Though it's a sequel, you don't need any context from the first game or Dragon Quest in general to appreciate this one's story and gameplay. Of course, there are a handful of design similarities that fans of the last Dragon Quest Heroes will recognize. (For example, your two selectable male and female heroes aren't childhood friends this time around, but rather cousins.) And this sequel's premise doesn't involve the brainwashing of once-friendly monsters--instead, you're concerned with unexpected invasions of neighboring kingdoms.
It is when you embark on your journey to solve the mystery of the warring lands that you first realize how this game is influenced by the wide open areas found in many JRPG world maps. These lands are vast and filled with infinitely respawning monsters, but you can wander aimlessly with no problem; unlike typical JRPGs, Dragon Quest Heroes II doesn't have random encounters. Rather than exterminate every imp and zombie in your field of view, you can focus on high-value targets and areas where there are tight clusters of foes, who are often tormenting some unlucky NPC. Equally unlucky are the myriad endearing creatures minding their own business, particularly in the lush hills of Greena Pastures. Murdering slime knights while they nap on the sunniest of days is downright sadistic and never gets old.
By reaching the other side of these rolling battlefields, you're greeted with smaller but equally intense "war zones"--maps and conflicts that resemble the story-driven encounters from the first Heroes. Alternating between the larger spaces and these more intimate combat zones provides a level of diversity seldom seen in Warriors games.
The rollout of new regions as you make progress through the game's compelling story feels orderly, but the events that unfold as you explore these territories are rich in variety. In a given hour you could be navigating through a labyrinthine swamp with brain-teasing teleportation portals, or you could be hunting down a mischievous shape-shifter impersonating townsfolk or even your protagonist. Yes, there are straightforward objectives like taking out bosses or escorting NPCs, but the game's exploration-focused, JRPG-inspired segments avoids the tidy but boring chapter-based story progression common in many subpar Warriors anime spinoffs. And Dragon Quest Heroes II isn't above occasional Dynasty Warriors-inspired battles, which are easy to enjoy given their infrequency.
Even with the recognizable Akira Toriyama character designs and the hearty helping of quests, this is first and foremost a Warriors spinoff. It foregoes the precision of stylistic hack-and-slashers like Devil May Cry in favor of the gratification of killing enemies en masse. This is thanks to straightforward controls, where stringing quick and strong attacks into a single combo can decimate two dozen enemies. Combat shows further depth with the return of minion coins, which temporarily add the monsters you vanquish to your squad. This form of summoning loses some of its tower defense-inspired appeal from the last game to make room for a wider array of enemy powers, including the immensely satisfying ability to transform into some of the game's larger enemies.

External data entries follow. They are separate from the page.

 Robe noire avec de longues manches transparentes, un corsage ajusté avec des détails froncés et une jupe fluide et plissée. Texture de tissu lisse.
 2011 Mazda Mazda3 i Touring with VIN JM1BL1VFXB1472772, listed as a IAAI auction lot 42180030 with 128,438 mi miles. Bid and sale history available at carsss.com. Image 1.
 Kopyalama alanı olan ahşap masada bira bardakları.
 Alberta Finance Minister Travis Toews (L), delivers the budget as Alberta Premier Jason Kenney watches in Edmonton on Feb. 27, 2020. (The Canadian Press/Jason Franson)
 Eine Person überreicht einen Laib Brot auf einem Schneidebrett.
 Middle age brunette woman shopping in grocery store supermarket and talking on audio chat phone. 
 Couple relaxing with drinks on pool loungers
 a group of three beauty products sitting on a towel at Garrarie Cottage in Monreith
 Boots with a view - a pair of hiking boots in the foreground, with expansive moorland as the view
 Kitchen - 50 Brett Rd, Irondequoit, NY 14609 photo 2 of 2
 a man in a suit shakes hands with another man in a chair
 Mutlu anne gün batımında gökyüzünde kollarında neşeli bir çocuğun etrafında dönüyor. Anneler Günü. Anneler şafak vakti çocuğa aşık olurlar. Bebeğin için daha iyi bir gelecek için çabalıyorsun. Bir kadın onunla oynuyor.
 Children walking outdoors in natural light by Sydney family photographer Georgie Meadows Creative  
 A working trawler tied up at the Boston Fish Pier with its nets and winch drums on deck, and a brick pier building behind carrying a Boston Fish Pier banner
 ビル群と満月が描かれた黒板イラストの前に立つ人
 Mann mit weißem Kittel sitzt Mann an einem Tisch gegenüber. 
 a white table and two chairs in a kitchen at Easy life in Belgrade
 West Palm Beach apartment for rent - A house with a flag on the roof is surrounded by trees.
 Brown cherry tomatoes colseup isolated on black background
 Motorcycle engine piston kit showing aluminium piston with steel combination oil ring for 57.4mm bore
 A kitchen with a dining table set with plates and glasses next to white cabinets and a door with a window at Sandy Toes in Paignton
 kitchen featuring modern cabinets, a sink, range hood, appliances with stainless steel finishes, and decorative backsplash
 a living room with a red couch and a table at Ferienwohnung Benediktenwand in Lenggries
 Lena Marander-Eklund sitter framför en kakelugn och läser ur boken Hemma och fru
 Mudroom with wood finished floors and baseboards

For as much as this sequel differs from its predecessor, developer Omega Force wisely preserved many of the previous game's strengths. These include classic and simple experience point-driven character progression, gear upgrades, and item alchemy. The biggest draw, however, are the guest heroes from the mainline Dragon Quest games, despite the strengths and appeal of this game's original cadre of heroes.
This new cast features a mix of Dragon Quest Heroes first-timers like Angelo and Carver and returning characters like Jessica and Kiryl. They're all skilled monster hunters, although some squad combinations are more effective than others. Fan-favorite Torneko, for example, is one of the few teammates who can cast healing spells, which makes him an MVP during the more challenging battles. Experimenting with different party formations is part of the fun, where you're compelled to balance personal preference for certain characters with team composition. You have so much to choose from, in fact, that the newly implemented class-change feature feels both underutilized and redundant. Why retool your main hero as a priest and reset your level back to one when there are already characters with priest-like abilities?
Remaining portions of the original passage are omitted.